Die Beschwerde war also, soweit sie sich dagegen wendet, daß Organe der BPD Graz als Muster jeweils ein Exemplar der im Zollfreilager der Spedition eingetroffenen Druckwerke an sich nahmen und im Gebäude der BPD Graz vom 9. April bis 5. Mai 1980 bzw. vom 13. bis 23. Juni 1980 verwahrten, mangels Beschwerdelegitimation zurückzuweisen.
b) Die 62 Exemplare des Druckwerkes "Teenage Sex" Nr. 13 hingegen wurden erst nach zollamtlicher Abfertigung zum freien Verkehr von der BPD Graz am 25. Juni 1980 beschlagnahmt.
Hätte die BPD Graz diese Maßnahmen nicht gesetzt, so hätte der Bf. (auch) über diese Druckwerke ab 25. Juni 1980 verfügen können. Diese Verwaltungsakte greifen sohin in seine Rechtssphäre ein. Der Bf. ist daher legitimiert, sie anzufechten.
Da auch die übrigen Prozeßvorausetzungen in Ansehung der Beschlagnahme der 62 Exemplare des mehrfach erwähnten Druckwerkes vorliegen, ist die Beschwerde in diesem Umfang zulässig.
3. Die am 25. Juni 1980 erfolgte Beschlagnahme der 62 Exemplare des Druckwerkes "Teenage Sex" Nr. 13 hat den Bf. in der Ausübung seines privaten Vermögensrechtes eingeschränkt (s. oben III.2.b) und hat daher in sein Eigentumsrecht eingegriffen. Dieser Eingriff wäre nach der ständigen Judikatur des VfGH (zB VfSlg. 8815/1980) dann verfassungswidrig, wenn der bekämpfte Verwaltungsakt ohne jede Rechtsgrundlage ergangen wäre oder auf einer verfassungswidrigen Rechtsgrundlage beruhte oder wenn die Behörde eine verfassungsrechtlich unbedenkliche Rechtsgrundlage in denkunmöglicher Weise angewendet hätte, ein Fall, der nur dann vorläge, wenn die Behörde einen so schweren Fehler begangen hätte, daß dieser mit Gesetzlosigkeit auf eine Stufe zu stellen wäre.

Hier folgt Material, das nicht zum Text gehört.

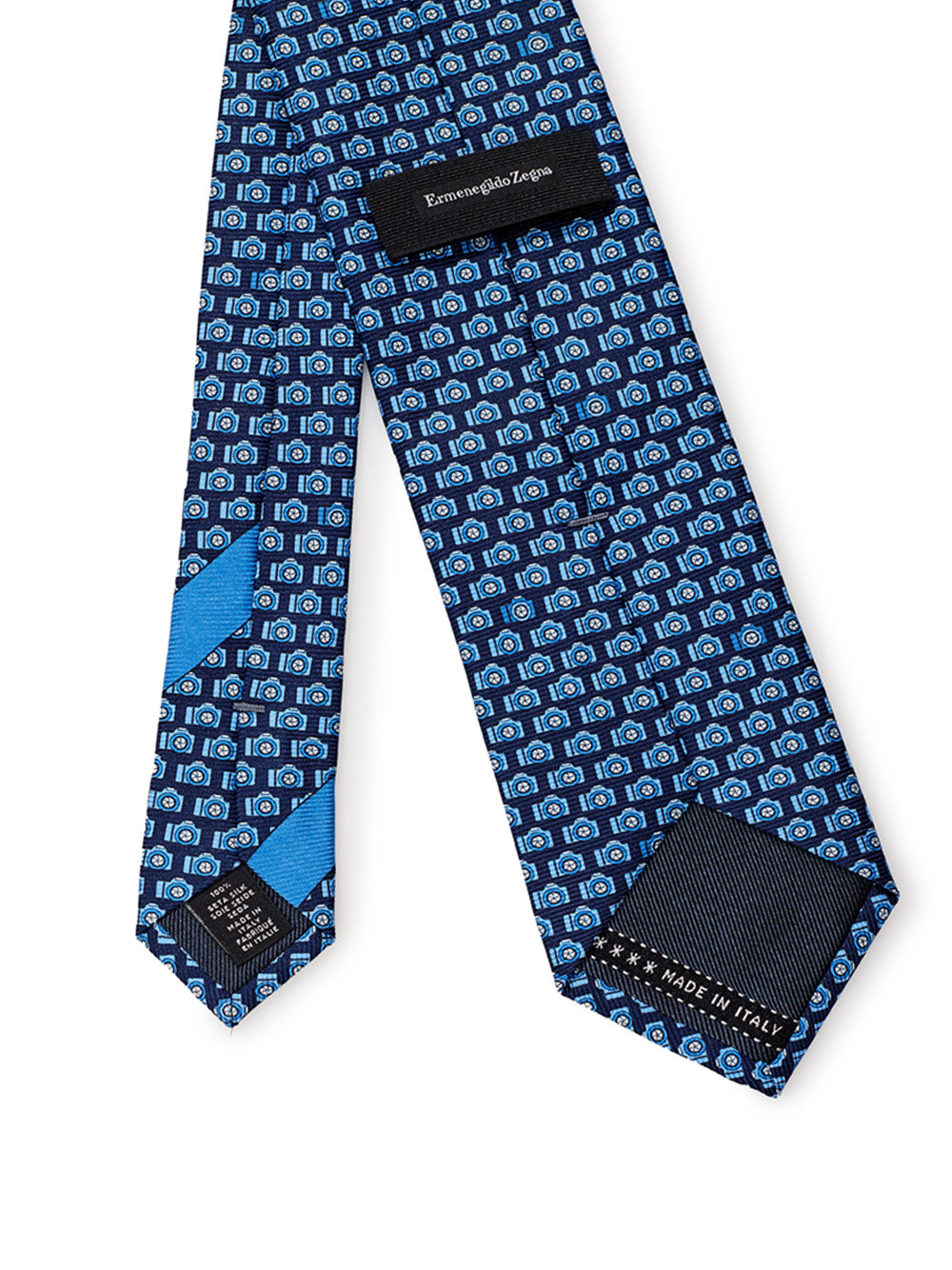 Printed Blue Silk Tie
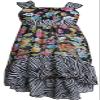Bonnie Jean Little-Girls Black/White Multi Floral Chiffon High-Low Maxi Dress, Black/White, 5 view 2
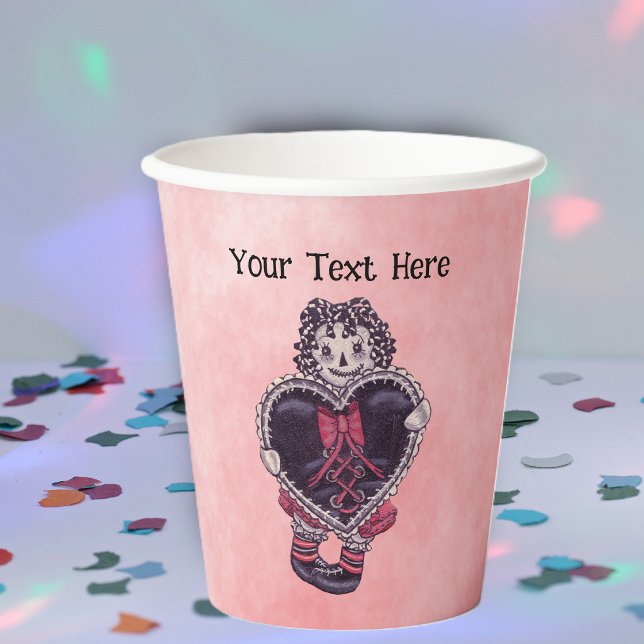 Goth Rag Doll Button Eyes Black Heart Bow Pink Paper Cups (Goth rag doll yarn hair button eyes black lace trimmed heart with red bow on pink paper drinking cup)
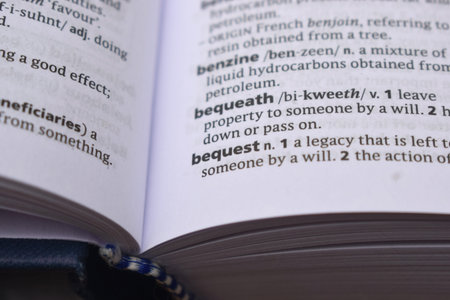 English Dictionary Page Close Up With the Word Of -bequest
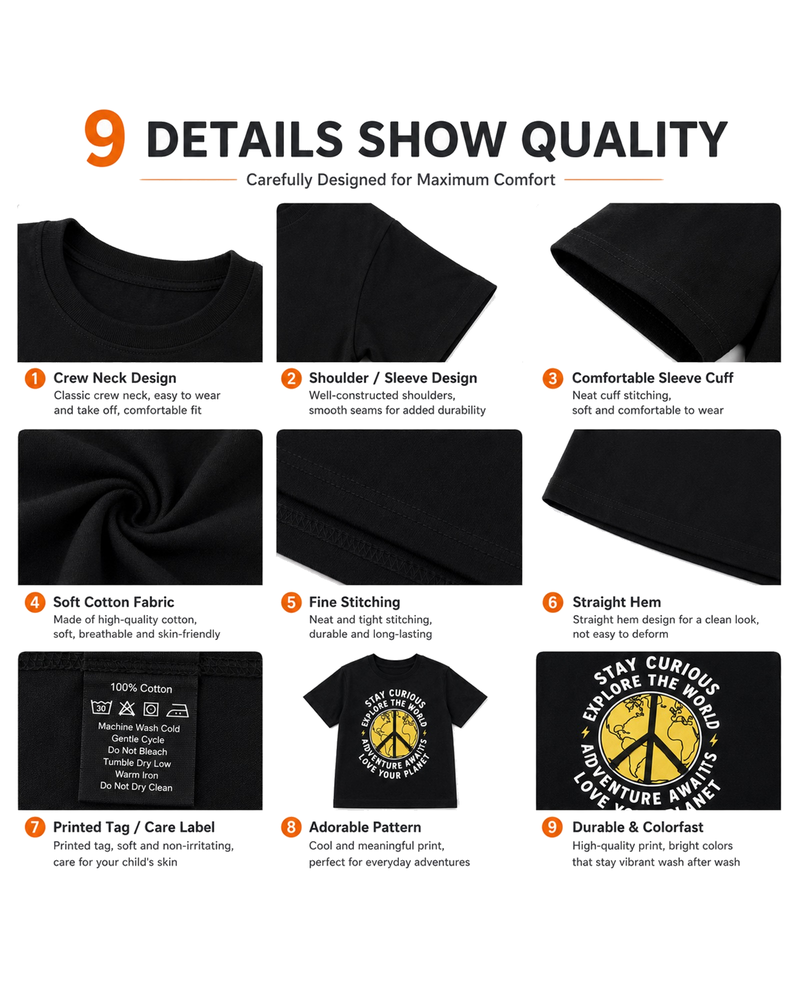 Detail views of boys black adventure graphic short sleeve T-shirt
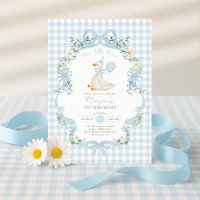 Preppy One Silly Goose Blue Bow 1st Birthday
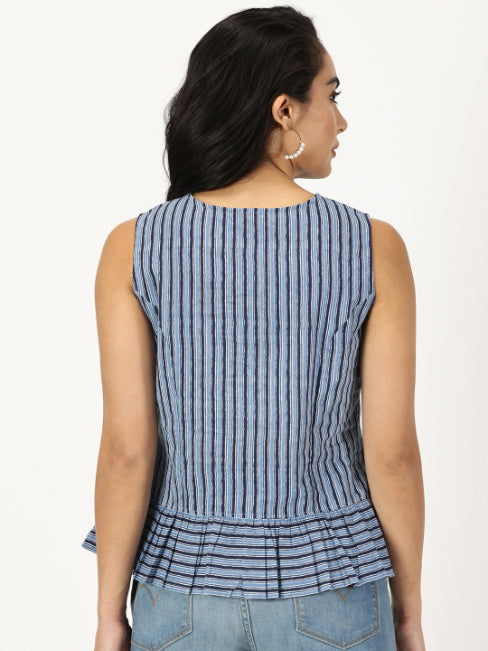 Blue Striped Button-Down Peplum Top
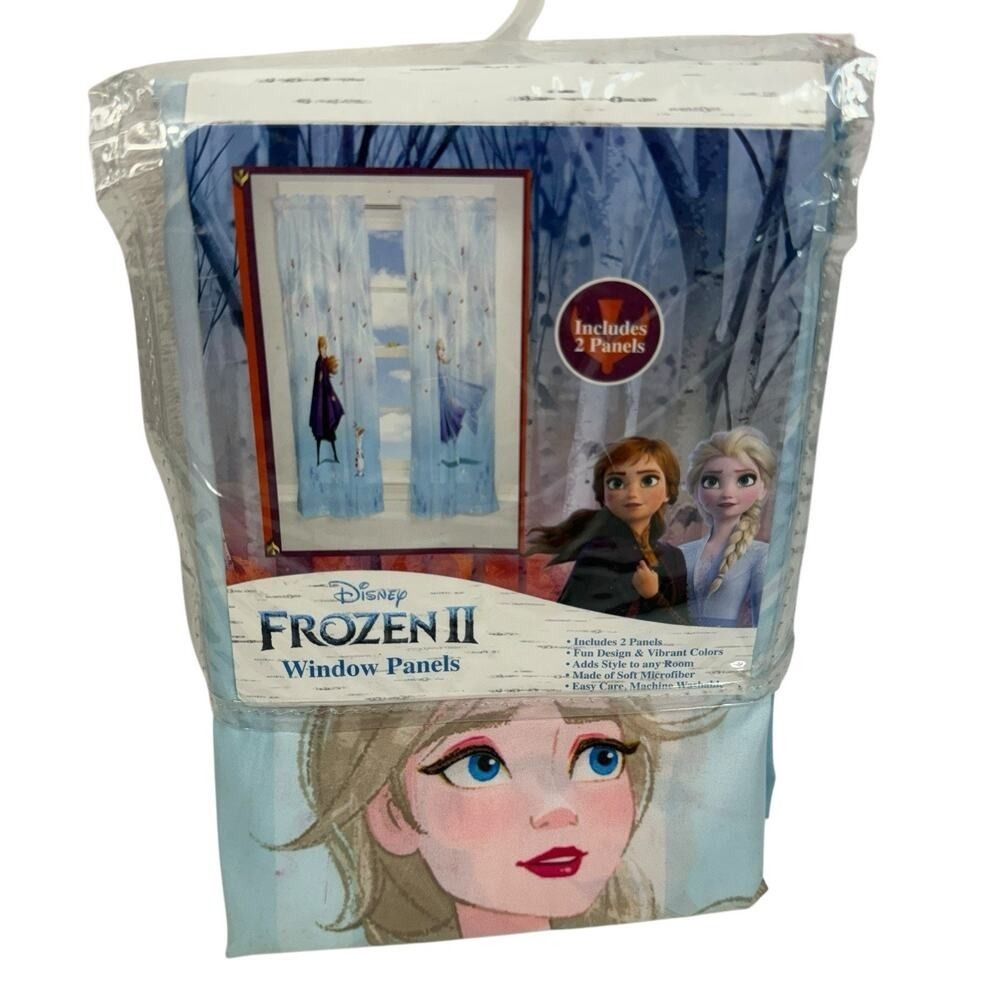 Disney Frozen Kids Bedroom Microfiber Window Curtain Set 2 Panels 63" Length NEW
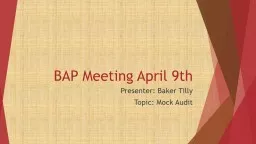 BAP Meeting April 9th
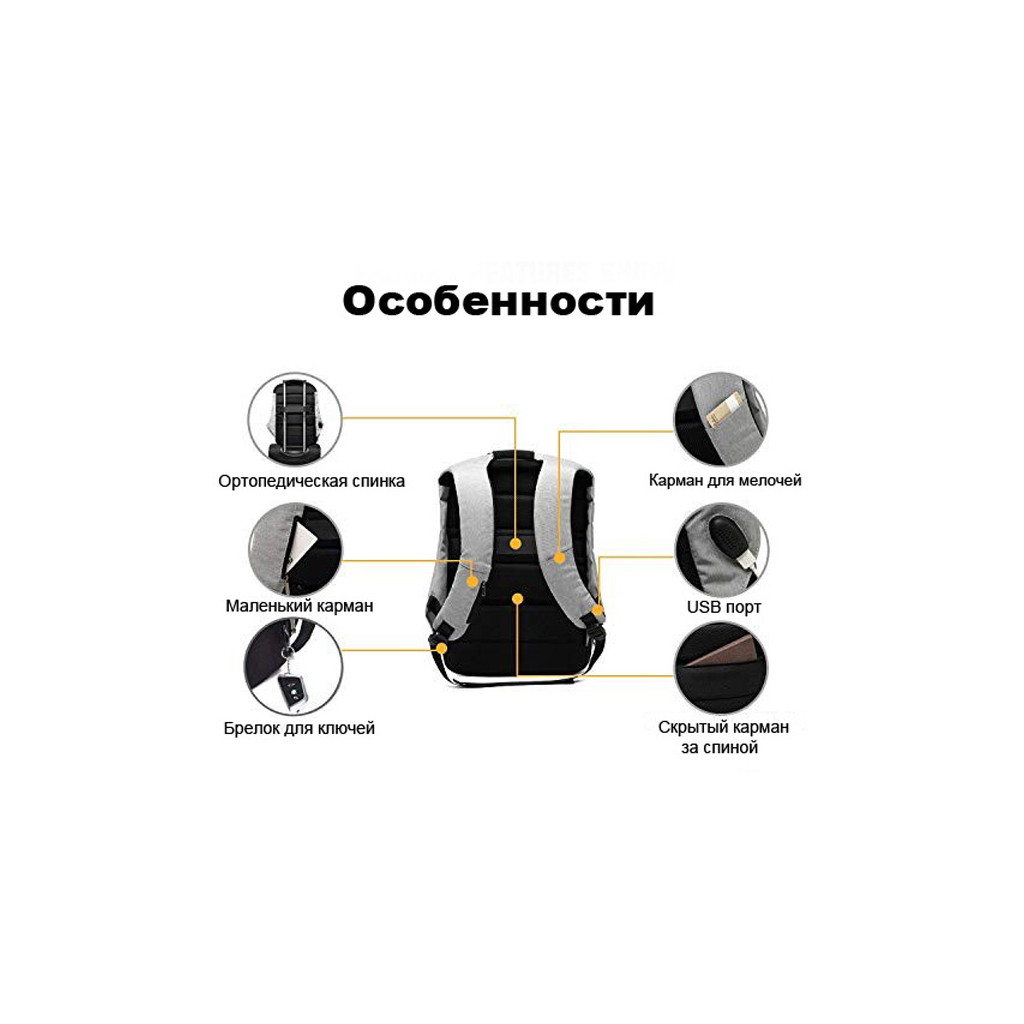 Рюкзак для ноутбука UFT 15.6" SBP1 Solar Backpack Black/Grey (UFTSBP1) - зображення 5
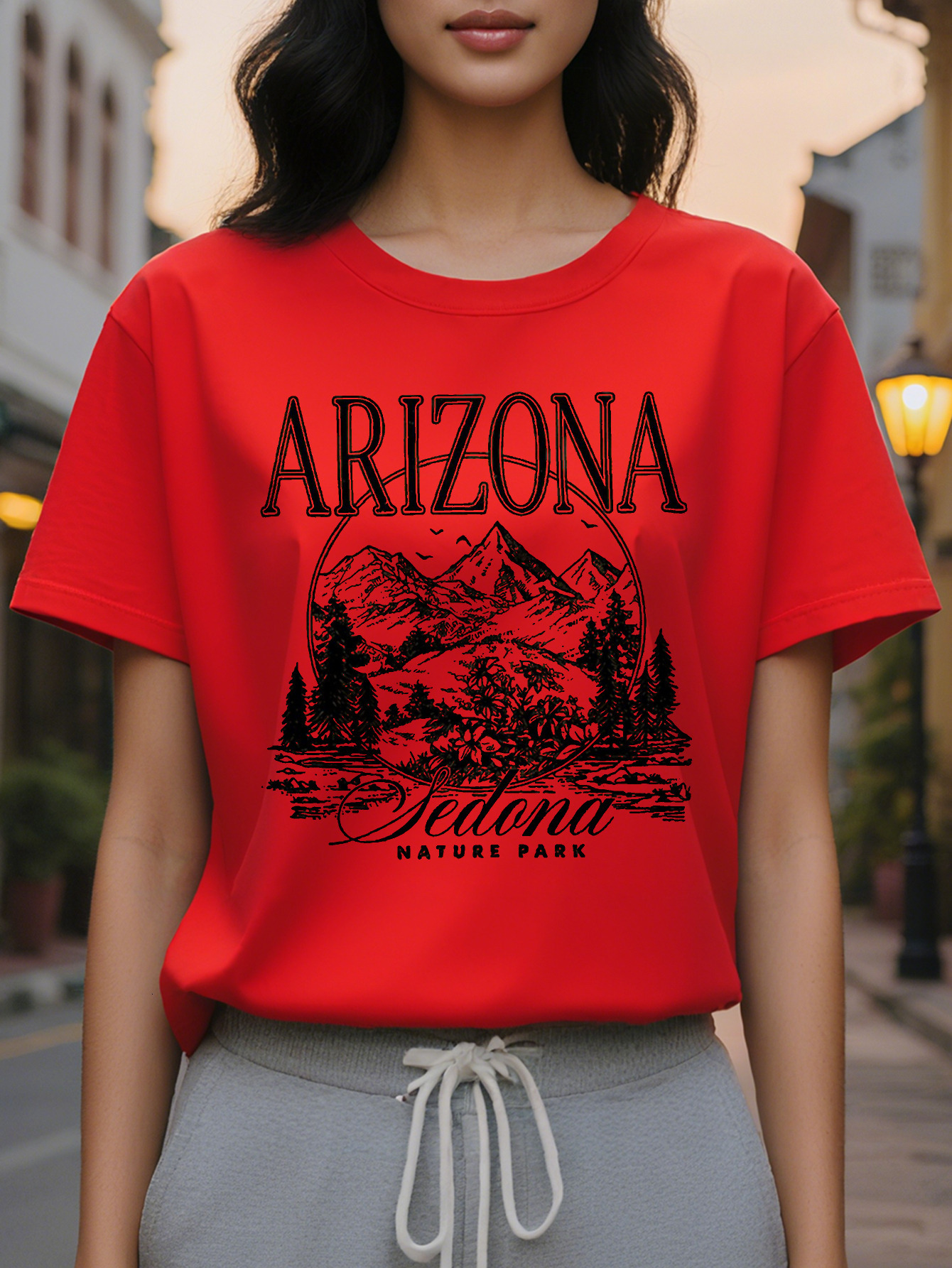 Ladies Arizona Pattern Printed T Shirt Bright Pink Slim Short Sleeve Jacket Desert Landscape Design Breathable Crew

Die belangte BPD Graz stützt ihr Vorgehen auf die §§24, 98 und 143 StPO; dies ist jedoch aus nachfolgenden Gründen unvertretbar.
Die BPD Graz hatte den Verdacht, daß sich der Bf. durch den Import der erwähnten Druckwerke des Vergehens (ArtII StrAnpG und §17 StGB) gemäß §1 Abs1 litb PornG schuldig gemacht habe. Im Dienste der Strafjustiz nahm sie die Druckwerke in Verwahrung und legte sie - mit dem Ziel der Vorbereitung des Verfalles - der Staatsanwaltschaft vor. Sie beschlagnahmte also diese Gegenstände.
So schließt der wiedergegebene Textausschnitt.